From the records below, print exactly the lines starting at the one containing "the facade of" and ending at the one containing "A patio with", ends included, and nothing else.

:::

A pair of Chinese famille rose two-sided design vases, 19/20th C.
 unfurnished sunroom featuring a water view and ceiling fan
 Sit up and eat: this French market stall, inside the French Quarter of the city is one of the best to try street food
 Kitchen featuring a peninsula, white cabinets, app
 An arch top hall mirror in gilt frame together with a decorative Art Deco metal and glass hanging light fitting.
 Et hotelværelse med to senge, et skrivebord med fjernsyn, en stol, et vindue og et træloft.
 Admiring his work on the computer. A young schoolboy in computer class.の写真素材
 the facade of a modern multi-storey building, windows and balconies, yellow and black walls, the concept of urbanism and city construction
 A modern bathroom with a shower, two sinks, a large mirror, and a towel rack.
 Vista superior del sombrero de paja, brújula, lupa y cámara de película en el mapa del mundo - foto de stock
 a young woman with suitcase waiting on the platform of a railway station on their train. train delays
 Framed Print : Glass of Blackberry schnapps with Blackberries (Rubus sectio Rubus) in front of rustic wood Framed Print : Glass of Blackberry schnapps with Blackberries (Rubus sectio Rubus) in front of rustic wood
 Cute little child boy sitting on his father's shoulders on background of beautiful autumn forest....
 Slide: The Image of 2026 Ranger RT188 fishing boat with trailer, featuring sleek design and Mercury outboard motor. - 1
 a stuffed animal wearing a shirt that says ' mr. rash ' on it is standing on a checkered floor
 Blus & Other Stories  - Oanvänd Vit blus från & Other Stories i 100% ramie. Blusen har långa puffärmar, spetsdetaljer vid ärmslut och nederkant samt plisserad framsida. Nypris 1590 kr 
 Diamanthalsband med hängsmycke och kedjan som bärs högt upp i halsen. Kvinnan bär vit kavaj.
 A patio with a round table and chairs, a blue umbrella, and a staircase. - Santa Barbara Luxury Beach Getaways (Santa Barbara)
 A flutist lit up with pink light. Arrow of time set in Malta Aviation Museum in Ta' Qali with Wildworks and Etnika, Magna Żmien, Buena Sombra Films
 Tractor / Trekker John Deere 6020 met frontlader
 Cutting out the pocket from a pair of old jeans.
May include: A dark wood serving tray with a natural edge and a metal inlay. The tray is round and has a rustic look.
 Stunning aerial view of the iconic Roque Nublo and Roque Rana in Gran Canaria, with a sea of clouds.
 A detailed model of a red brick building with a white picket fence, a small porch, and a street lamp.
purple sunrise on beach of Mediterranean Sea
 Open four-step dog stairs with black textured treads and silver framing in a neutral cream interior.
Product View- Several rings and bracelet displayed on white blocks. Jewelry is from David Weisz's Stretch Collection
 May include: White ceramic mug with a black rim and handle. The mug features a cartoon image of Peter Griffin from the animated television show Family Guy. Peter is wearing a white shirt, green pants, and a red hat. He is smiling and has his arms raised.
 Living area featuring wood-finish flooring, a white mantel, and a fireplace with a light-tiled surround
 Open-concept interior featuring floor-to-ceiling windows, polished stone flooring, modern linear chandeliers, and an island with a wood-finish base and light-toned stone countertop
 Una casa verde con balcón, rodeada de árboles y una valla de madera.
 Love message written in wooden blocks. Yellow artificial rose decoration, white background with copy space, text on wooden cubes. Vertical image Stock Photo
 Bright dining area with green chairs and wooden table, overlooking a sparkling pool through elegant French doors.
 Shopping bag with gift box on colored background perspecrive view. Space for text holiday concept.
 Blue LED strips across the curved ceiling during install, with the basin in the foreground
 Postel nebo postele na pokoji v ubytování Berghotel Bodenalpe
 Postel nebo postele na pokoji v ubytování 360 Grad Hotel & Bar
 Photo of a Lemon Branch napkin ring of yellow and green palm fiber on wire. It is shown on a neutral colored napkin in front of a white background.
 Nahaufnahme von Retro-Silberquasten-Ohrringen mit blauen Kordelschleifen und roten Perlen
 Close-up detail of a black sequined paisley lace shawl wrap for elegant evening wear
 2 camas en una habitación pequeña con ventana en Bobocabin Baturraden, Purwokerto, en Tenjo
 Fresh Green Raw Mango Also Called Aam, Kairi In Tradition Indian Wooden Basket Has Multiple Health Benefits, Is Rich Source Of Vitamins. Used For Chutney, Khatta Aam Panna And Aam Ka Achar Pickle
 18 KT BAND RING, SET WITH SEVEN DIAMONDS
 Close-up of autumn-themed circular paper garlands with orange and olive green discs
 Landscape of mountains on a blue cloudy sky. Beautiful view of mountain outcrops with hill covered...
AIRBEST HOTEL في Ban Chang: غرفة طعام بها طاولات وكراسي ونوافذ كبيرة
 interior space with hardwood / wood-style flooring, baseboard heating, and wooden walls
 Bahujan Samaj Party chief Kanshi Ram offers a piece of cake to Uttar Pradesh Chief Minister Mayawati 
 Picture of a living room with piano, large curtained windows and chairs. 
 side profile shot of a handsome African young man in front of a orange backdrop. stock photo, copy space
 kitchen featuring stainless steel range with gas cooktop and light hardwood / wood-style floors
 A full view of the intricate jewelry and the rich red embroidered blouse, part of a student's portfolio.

:::

> [Task answer]
 the facade of a modern multi-storey building, windows and balconies, yellow and black walls, the concept of urbanism and city construction
 A modern bathroom with a shower, two sinks, a large mirror, and a towel rack.
 Vista superior del sombrero de paja, brújula, lupa y cámara de película en el mapa del mundo - foto de stock
 a young woman with suitcase waiting on the platform of a railway station on their train. train delays
 Framed Print : Glass of Blackberry schnapps with Blackberries (Rubus sectio Rubus) in front of rustic wood Framed Print : Glass of Blackberry schnapps with Blackberries (Rubus sectio Rubus) in front of rustic wood
 Cute little child boy sitting on his father's shoulders on background of beautiful autumn forest....
 Slide: The Image of 2026 Ranger RT188 fishing boat with trailer, featuring sleek design and Mercury outboard motor. - 1
 a stuffed animal wearing a shirt that says ' mr. rash ' on it is standing on a checkered floor
 Blus & Other Stories  - Oanvänd Vit blus från & Other Stories i 100% ramie. Blusen har långa puffärmar, spetsdetaljer vid ärmslut och nederkant samt plisserad framsida. Nypris 1590 kr 
 Diamanthalsband med hängsmycke och kedjan som bärs högt upp i halsen. Kvinnan bär vit kavaj.
 A patio with a round table and chairs, a blue umbrella, and a staircase. - Santa Barbara Luxury Beach Getaways (Santa Barbara)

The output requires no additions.